▶ **Exercise brief**
The reply is to contain the full listing, repeated exactly, with pictures left out.

▶ **Data**
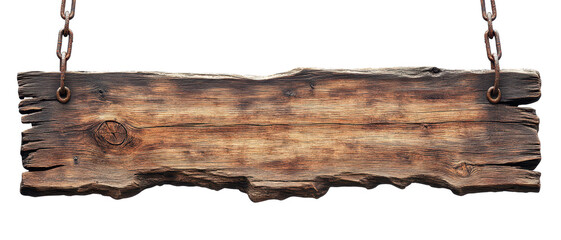 Rustic Hanging Wooden Sign With Weathered Texture And Metal Chains Ideal For Vintage Designs With Blank Template Or Mockup For Banners Or Displays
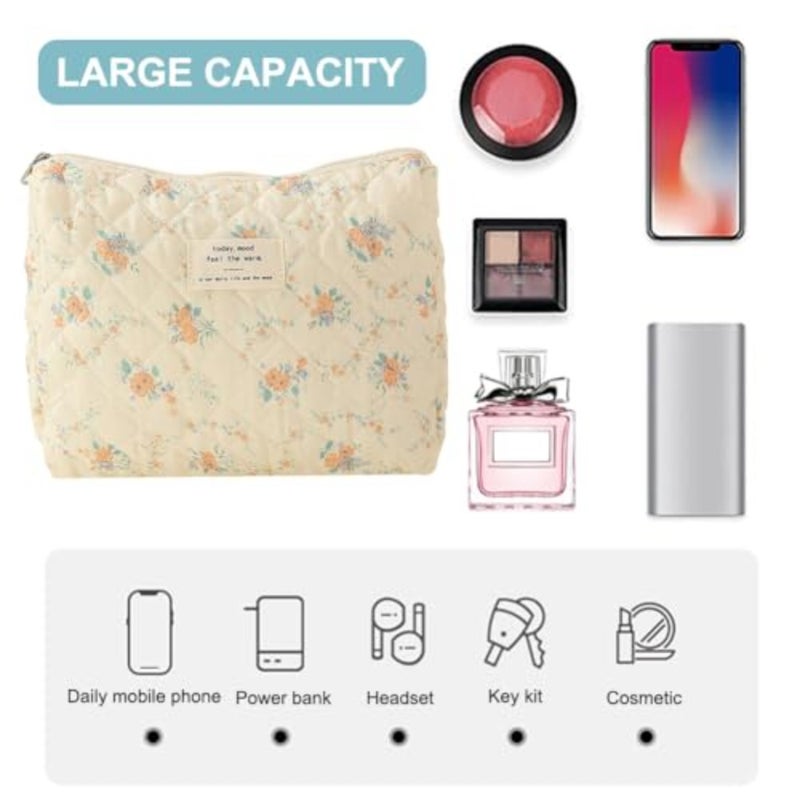 3Pcs Coquette Makeup Bag - Quilted Cosmetic Bag Large Make Up Bag Set Aesthetic Floral Toiletry Bag Cotton Travel Skincare Bag for Women Ladies Girls - Image 5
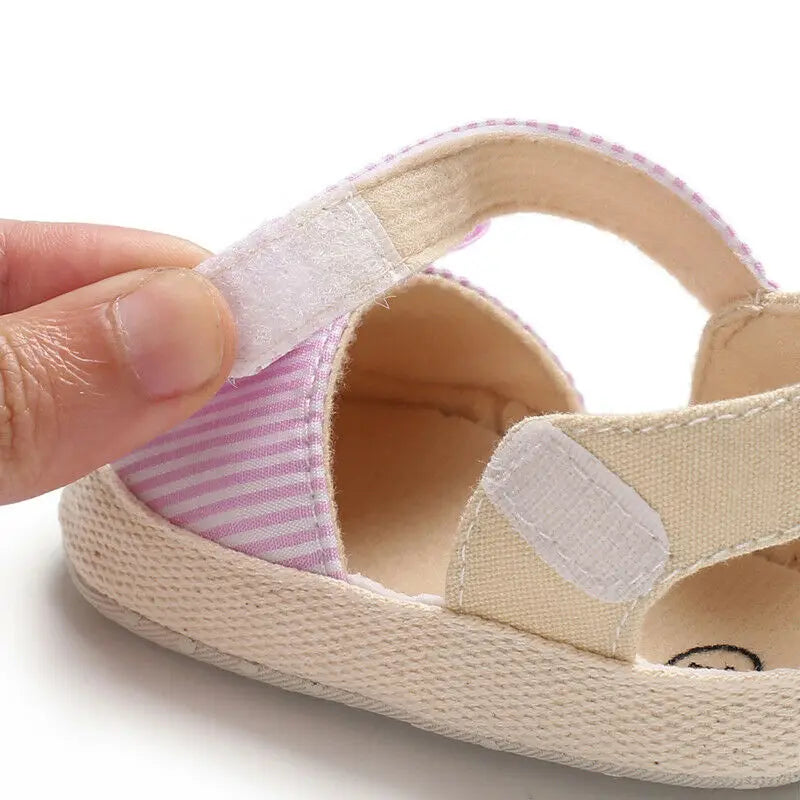 Children Summer Shoes Newborn Infants Anti-slip Striped Bow Prewalker 0-18M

▶ **Exercise solution**
 Rustic Hanging Wooden Sign With Weathered Texture And Metal Chains Ideal For Vintage Designs With Blank Template Or Mockup For Banners Or Displays
 3Pcs Coquette Makeup Bag - Quilted Cosmetic Bag Large Make Up Bag Set Aesthetic Floral Toiletry Bag Cotton Travel Skincare Bag for Women Ladies Girls - Image 5
 Children Summer Shoes Newborn Infants Anti-slip Striped Bow Prewalker 0-18M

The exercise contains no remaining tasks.